I am bombarded with notes from people urging me to knock Tesla. I have no idea how to value this stock. It is a cult stock involving a cult car, and Elon Musk says that 25% of the people who take a test drive buy it. If that is true, then the company can sell every car it makes from now until kingdom come as long as the quality is high. So the stock can keep percolating higher.

Speaking of percolation, if you look at Green Mountain today, you can see what happens when the intelligentsia gets it right, but it doesn't matter one bit. The rap on Green Mountain was that sales are slowing for the Keurig coffee-making unit, and that, plus the competition from the likes of Nespresso, means that Green Mountain could be a terminal short. Of course, there were also whispers that Starbucks ( SBUX) was going to take aim at Green Mountain, and nobody can withstand an enemy like Starbucks.
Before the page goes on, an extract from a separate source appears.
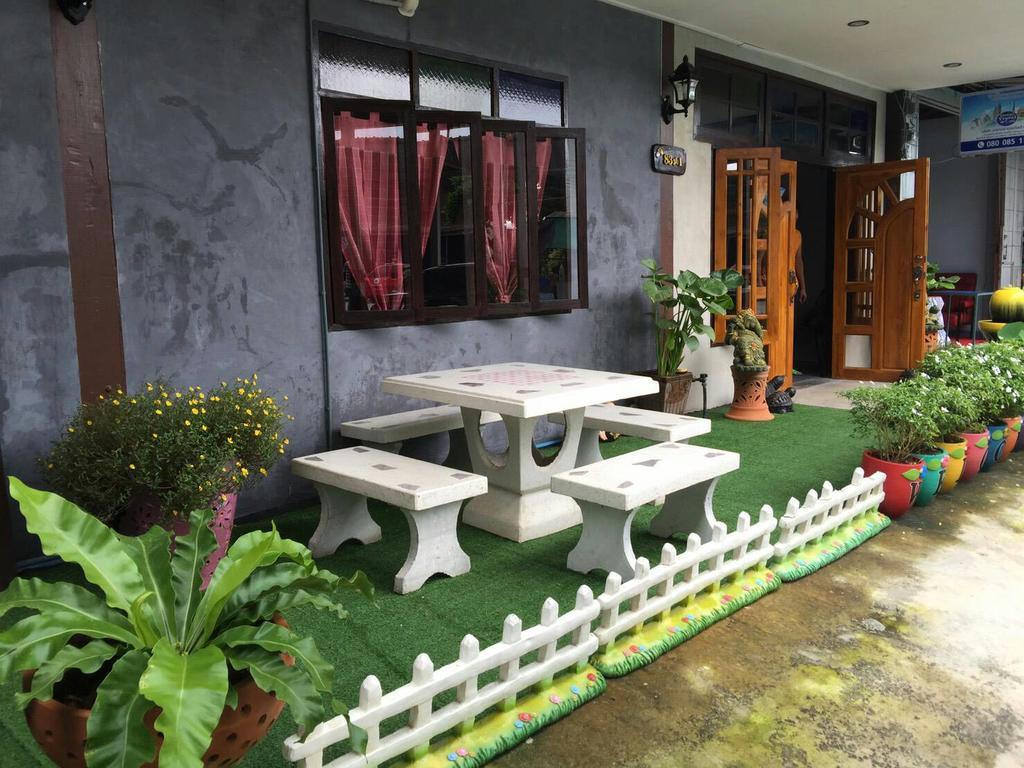 Sawang Guesthouse Ban Sawang Yai Εξωτερικό φωτογραφία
Instead, the two companies announced a five-year partnership that put an end to the notion that these two will be warring anytime soon. The deal also includes the possibility that Starbucks will sell Keurig machines, so there goes a principal leg of the negative thesis.
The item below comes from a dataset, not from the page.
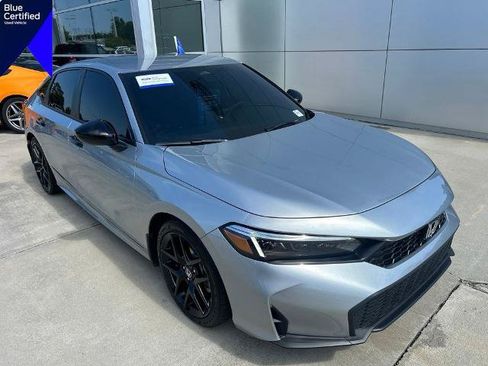 Used 2026 Honda Civic Sport image 1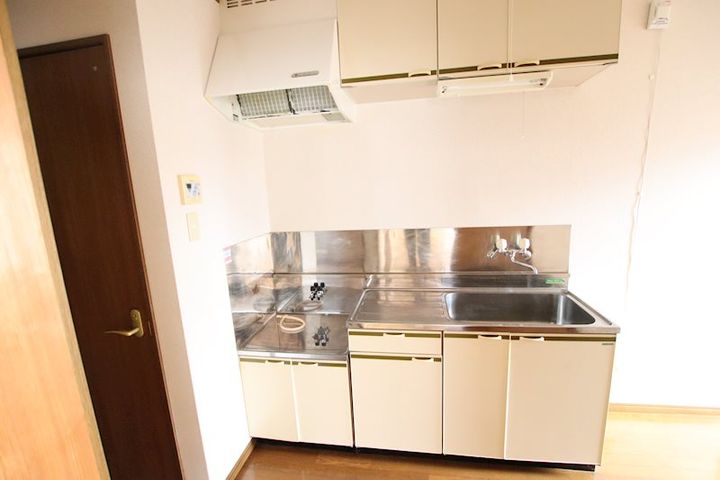 コーポダイムのキッチン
So it's a good short gone wrong.

Finally, what can be said about Barnes & Noble? You have a billion-dollar company that might be getting a billion dollars from Microsoft ( MSFT) for a product that's been crushing the company, even as it is regarded as technologically superior to Amazon ( AMZN). But a newly invigorated Microsoft, which has an investment in the device already, seems to want the whole device, as long as it isn't stuck with the bookstore chain.

I know Borders was a loser. I know the book business has never been tougher, courtesy Amazon and the Kindle. But is Barnes & Noble worthless?

Hard to believe.

All three of these are crowded shorts, meaning that so many people have a group-think against them that they are being gang-tackled. But all three have been elusive and have broken away from the tackling and now are off to the goal line.

I know many short-sellers are telling me "just you wait" to see what happens to these companies. I come back and say, "Wait for what? It's already happened."

That's the tough thing about being intellectually right and practically wrong. It's never easy to admit you are wrong, especially when you think you are the smartest investor in the valley. But it has been known to occur many times since this bull market began. Still, these extremes are a little frightening to watch, and you know, in the end, that those who are fighting these moves became cannon fodder for the moves themselves, as they have to bring in their shorts, if only to give back what's left of the money they are investing from people who thought that these managers were really smart.

They were. By half.

At the time of publication, Action Alerts PLUS, which Cramer co-manages as a charitable trust, had no positions in the stocks mentioned.